(Short web captions)
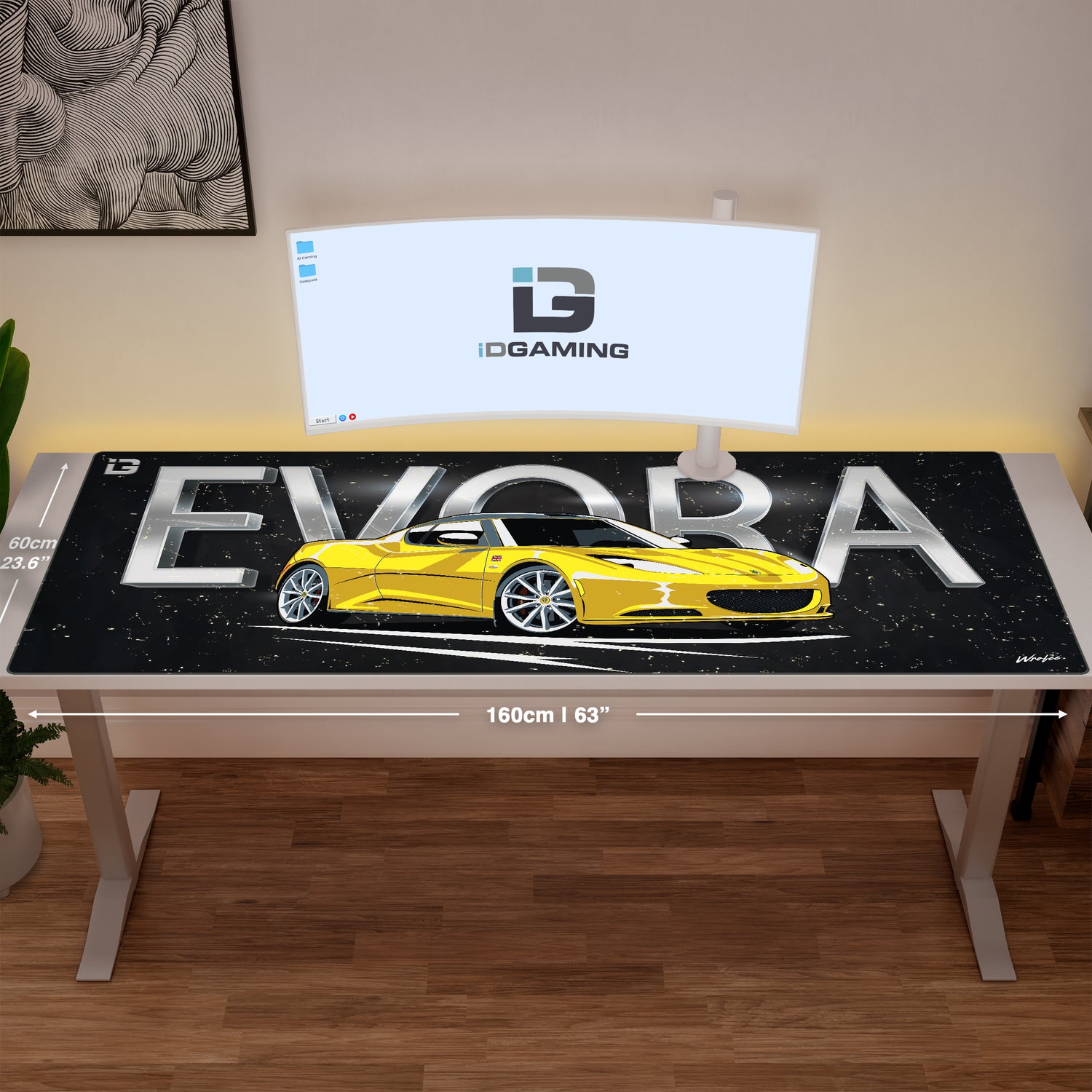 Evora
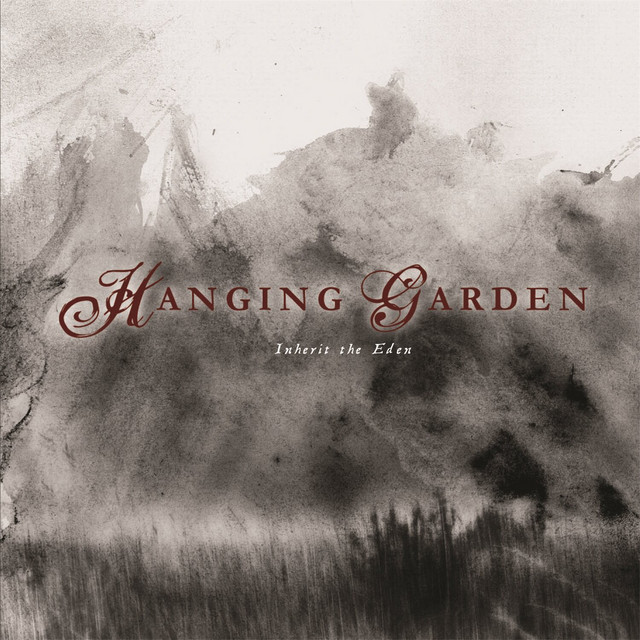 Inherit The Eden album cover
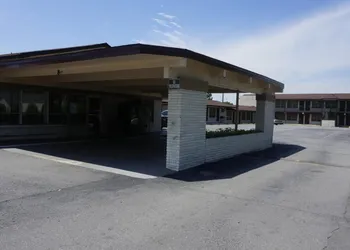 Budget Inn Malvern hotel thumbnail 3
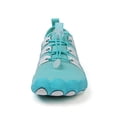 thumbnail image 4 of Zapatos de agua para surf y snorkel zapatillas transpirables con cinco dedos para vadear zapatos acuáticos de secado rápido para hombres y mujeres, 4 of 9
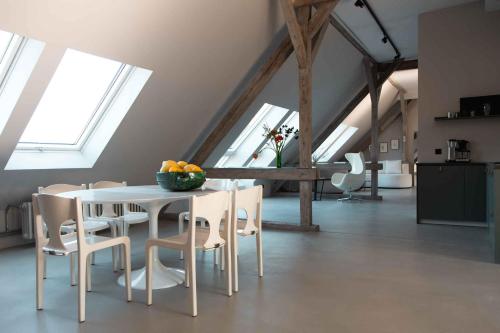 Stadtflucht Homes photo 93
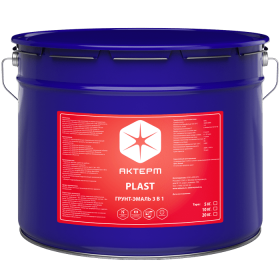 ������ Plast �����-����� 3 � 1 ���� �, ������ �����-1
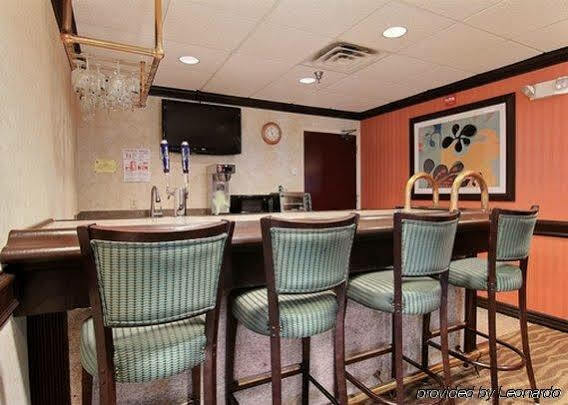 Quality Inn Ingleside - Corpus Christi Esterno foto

(How to complete this task) If any image appears in the entries, omit it and return the rest verbatim.

(Completed task)
 Evora
 Inherit The Eden album cover
 Budget Inn Malvern hotel thumbnail 3
 thumbnail image 4 of Zapatos de agua para surf y snorkel zapatillas transpirables con cinco dedos para vadear zapatos acuáticos de secado rápido para hombres y mujeres, 4 of 9
 Stadtflucht Homes photo 93
 ������ Plast �����-����� 3 � 1 ���� �, ������ �����-1
 Quality Inn Ingleside - Corpus Christi Esterno foto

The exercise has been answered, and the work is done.